Much of Abby's trouble stems from being from a slightly disreputable working class family. She's been admitted on a scholarship to the same private school as her best friend Gretchen, whose wealthy uptight parents immediately blame Abby for everything as soon as Gretchen starts getting in trouble. Soon Abby is the goat at school, even as she can see Gretchen destroying lives all around her. This is one of those books in which adults are useless if not malign, and poor Abby, who is, after all, only 16 and was never the sharpest or most survival-minded kid, is in way over her head when she realizes Gretchen is not just
having a really bad period.
(I did find myself wondering, after the Big Bad's name in all its infernal glory is revealed, why a demon lord who commands 30 legions in hell and is the living embodiment of Armageddon is wielding his power by.... possessing a teenager and starting drama at a suburban high school. But such were horror films in the 80s as well.)

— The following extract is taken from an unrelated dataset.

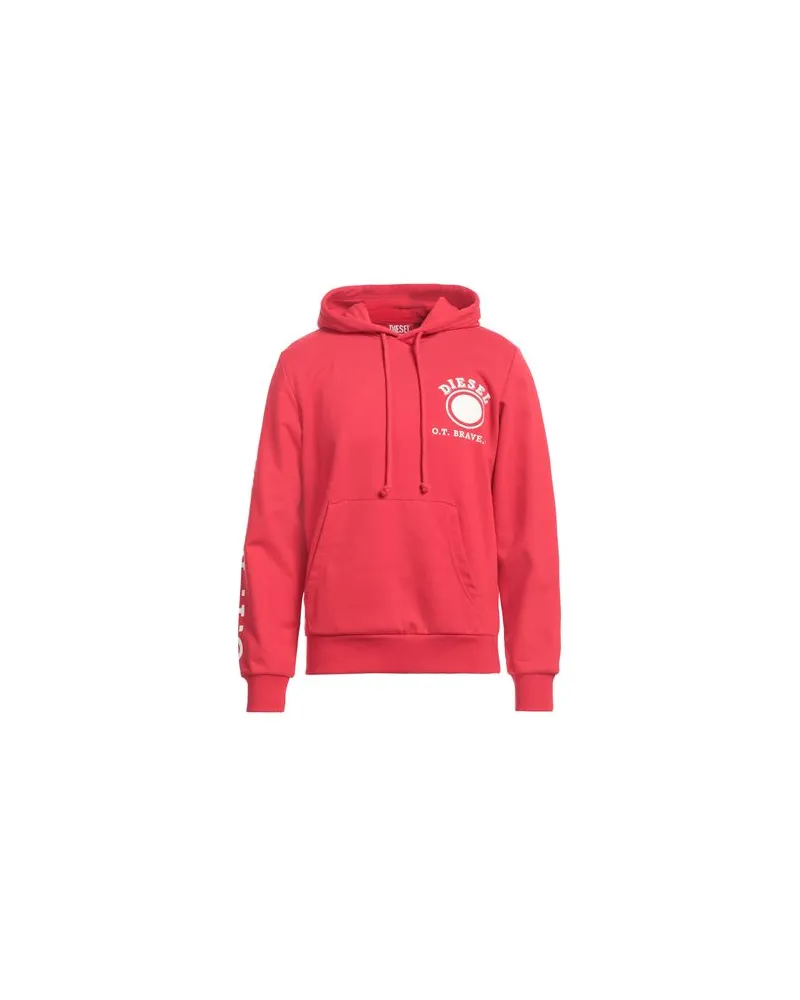 Diesel TOPS - Sweatshirtsauf YOOX.COM Rot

The climactic exorcism scene, as I said, is actually pretty intense, without losing the darkly humorous edge of Hendrix's writing. Abby and the preacher man try all the usual Christian stuff to banish the demon, and then when Abby is on her own, she continues to try following the Jesus script, despite not being particularly religious. This is obviously doomed to failure, so what can she do? Invoke the
power of Phil Collins!
The book ends with a heartfelt epilogue that is a paean to friendship and survival, family trouble and 80s bands.
Also by Grady Hendrix: My reviews of
Paperbacks from Hell,
We Sold Our Souls, and
Horrorstör.
My complete list of book reviews.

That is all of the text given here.